By Alex Carneiro


Currently, to create frontend applications using JavaScript, the frameworks Angular, React e Vue stand out for their maturity and popularity. In addition, there are many examples and use cases available for study, which allows developers to easily find examples to quickly create testable and extensible applications.

On the backend, the situation is a little different. The best-known name is Express, which defines itself as “a fast, opinion-free, minimalist web framework”. With it it’s possible to create an application quickly, with total freedom for the developer to choose its architecture: the way it’ll manage routes, middleware, template engines, body parsers, error handling, database, etc. Its minimalism allows for high flexibility, but this can become a problem for beginners; or even when working with teams, since the code is in danger of becoming unstructured.
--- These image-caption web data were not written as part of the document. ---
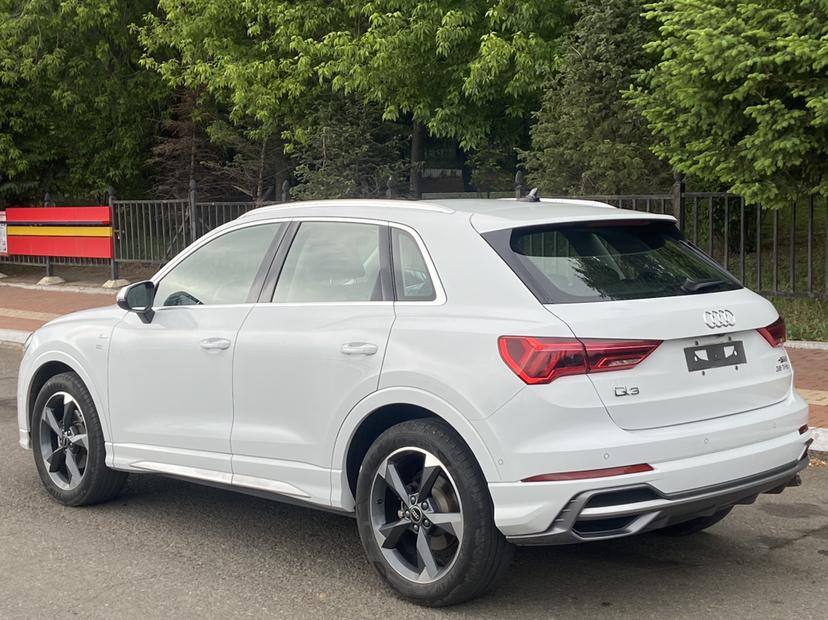 Audi Audi Q3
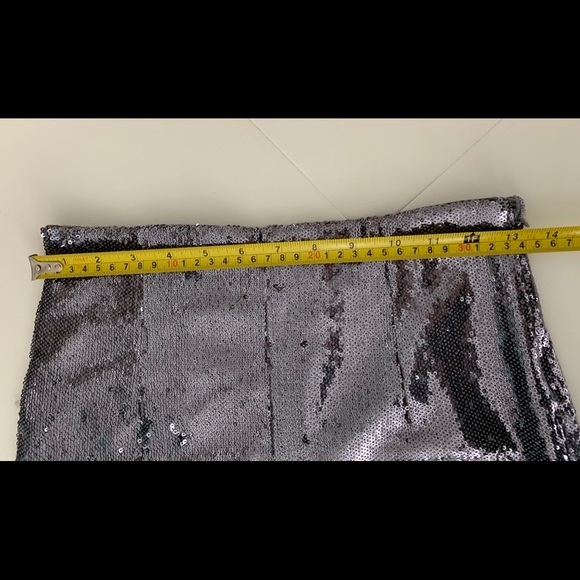 New Forever 21 sequin shorts. Size Small - Picture 11 of 12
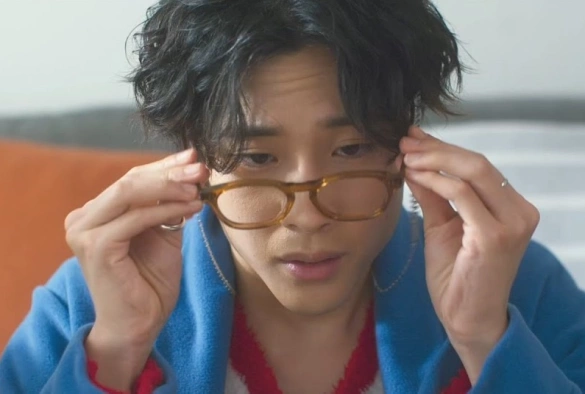 Кадр из дорамы XX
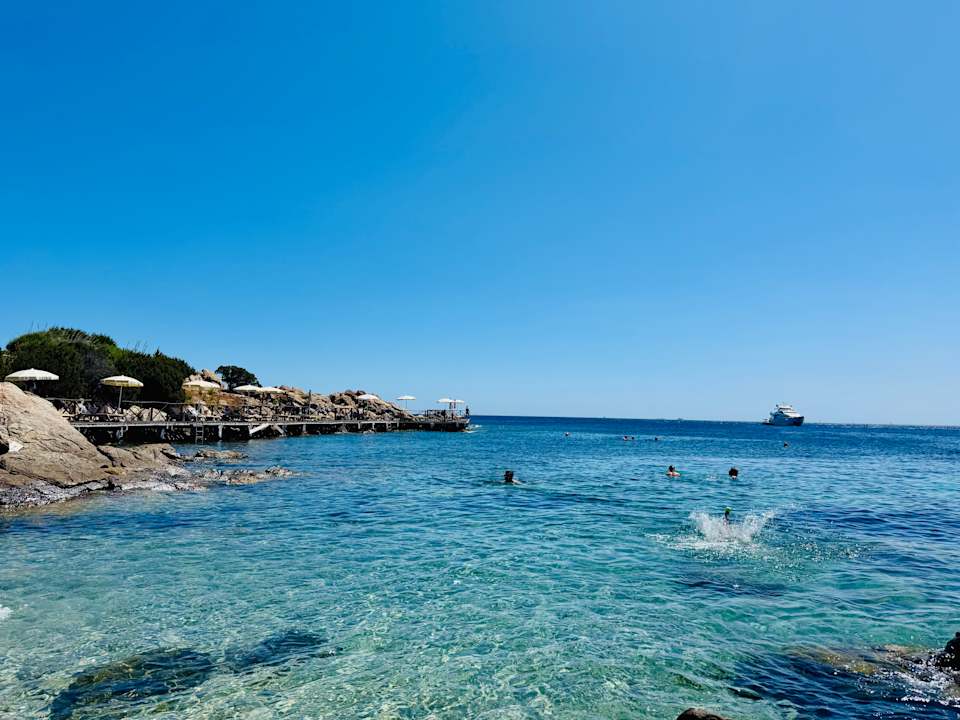 Strand Colonna Resort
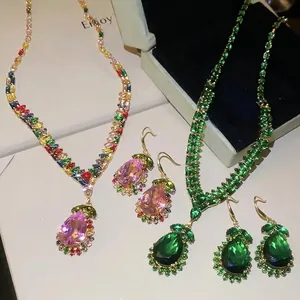 Vintage Palace Style Water Drop Zirconia Pendant Necklace Earring Set Copper Inlaid Jewelry Set For Women Party Banquet
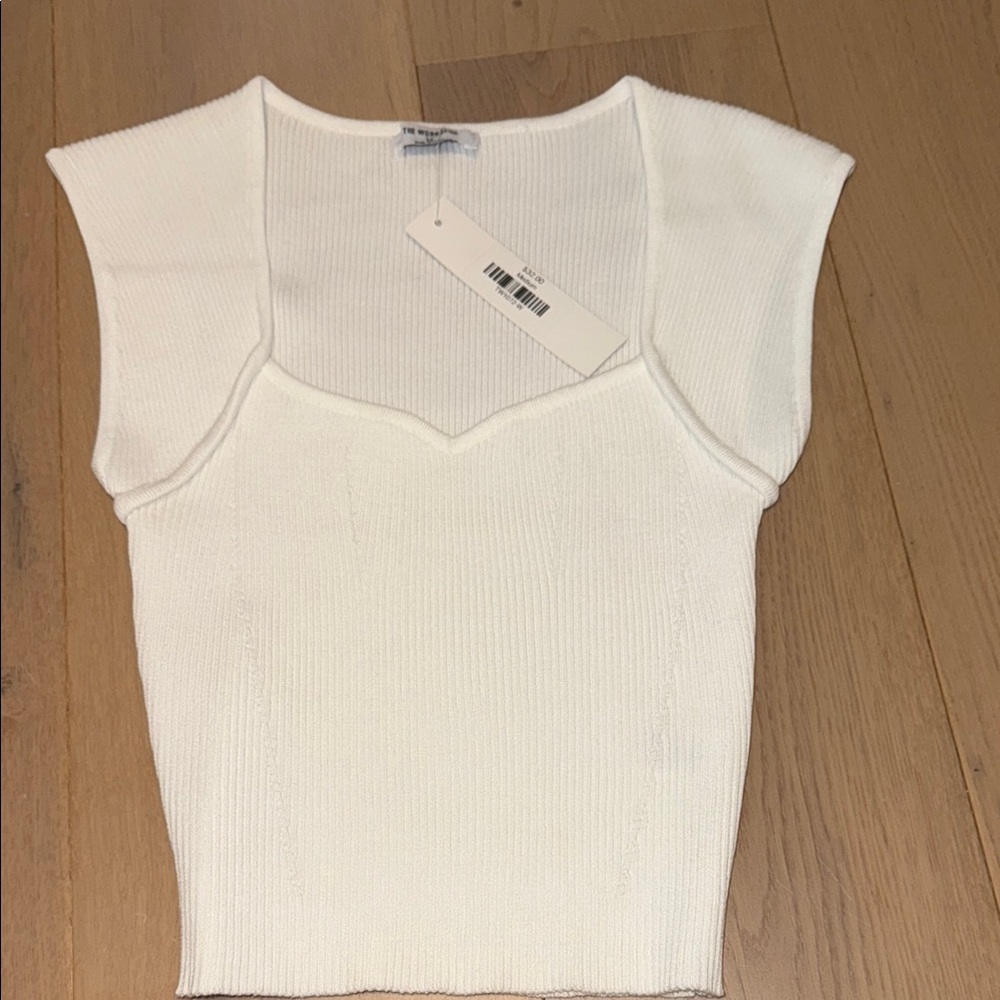 white t shirt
NestJS solves this problem by staying on a layer above Express, with a well-defined and ready-to-use architecture. Including the use of already consolidated and tested libraries, reducing decisions for beginners, mitigating inconsistencies in the code and facilitating the understanding of those who are looking at the project for the first time, thus allowing to create testable applications, scalable, loosely coupled and easy to maintain, using filters, pipes, interceptors, among others.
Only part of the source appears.